Extracted data:
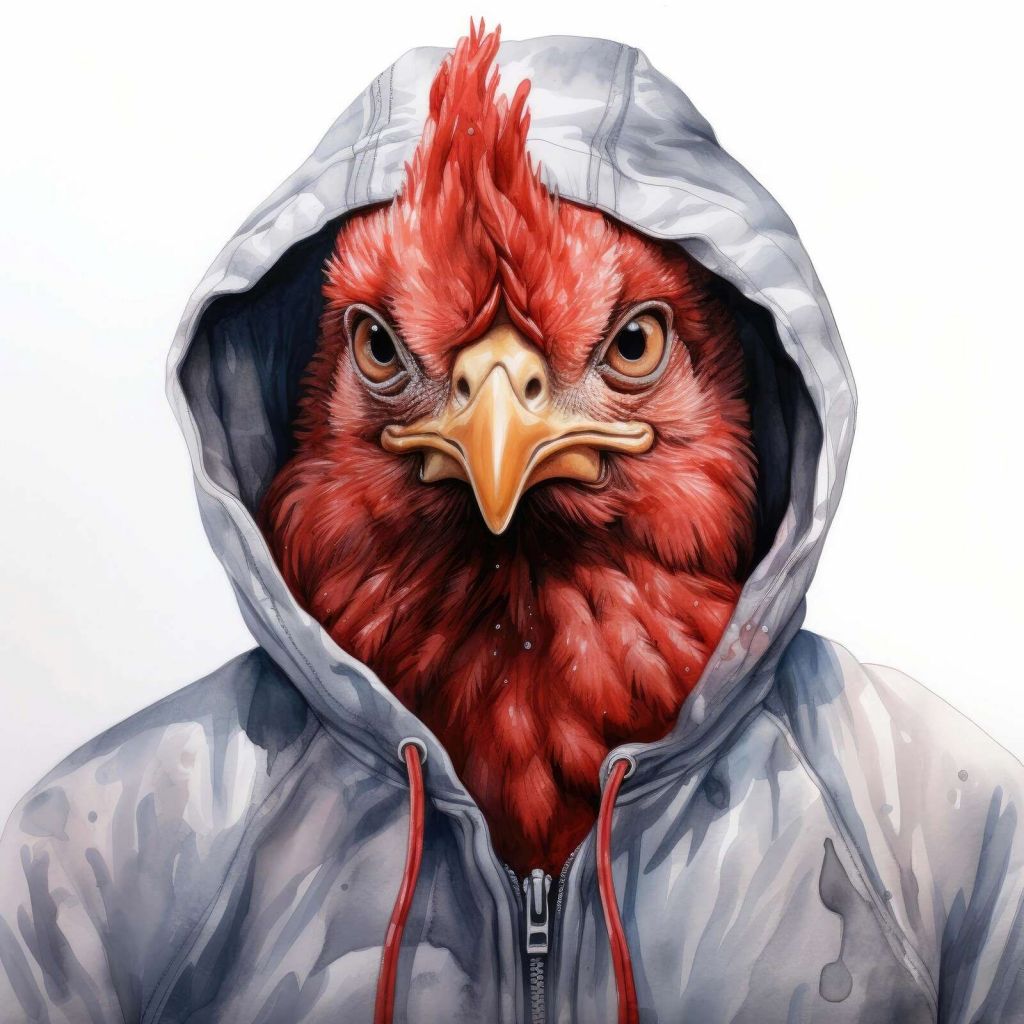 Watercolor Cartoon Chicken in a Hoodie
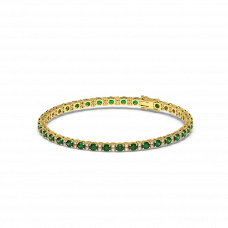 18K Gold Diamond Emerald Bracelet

--

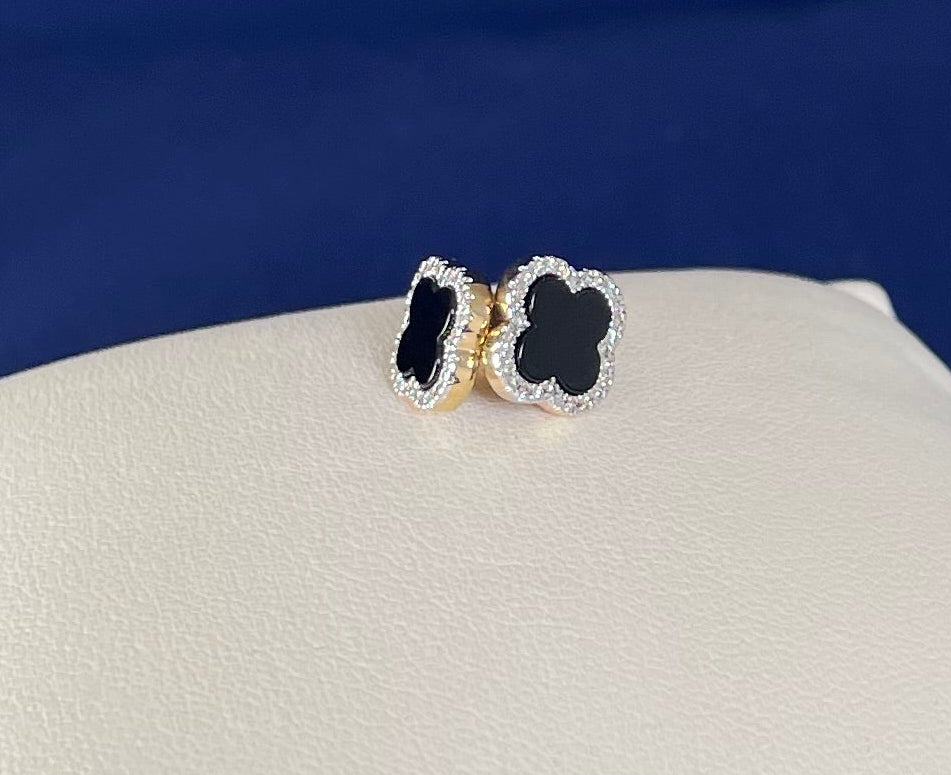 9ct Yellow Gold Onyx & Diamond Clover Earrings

...

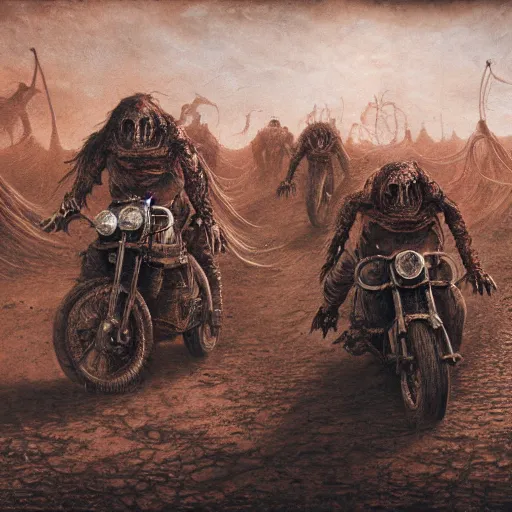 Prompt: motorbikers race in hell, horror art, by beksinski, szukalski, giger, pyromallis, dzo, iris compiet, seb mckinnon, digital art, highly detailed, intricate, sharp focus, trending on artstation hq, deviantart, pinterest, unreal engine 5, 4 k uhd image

Aim of the exercise: Your copy should hold only the lines above from the one containing "Watercolor Cartoon Chicken in a Hoodie" through the one containing "18K Gold Diamond Emerald Bracelet", exactly as written and free of pictures.

Exercise output:
 Watercolor Cartoon Chicken in a Hoodie
 18K Gold Diamond Emerald Bracelet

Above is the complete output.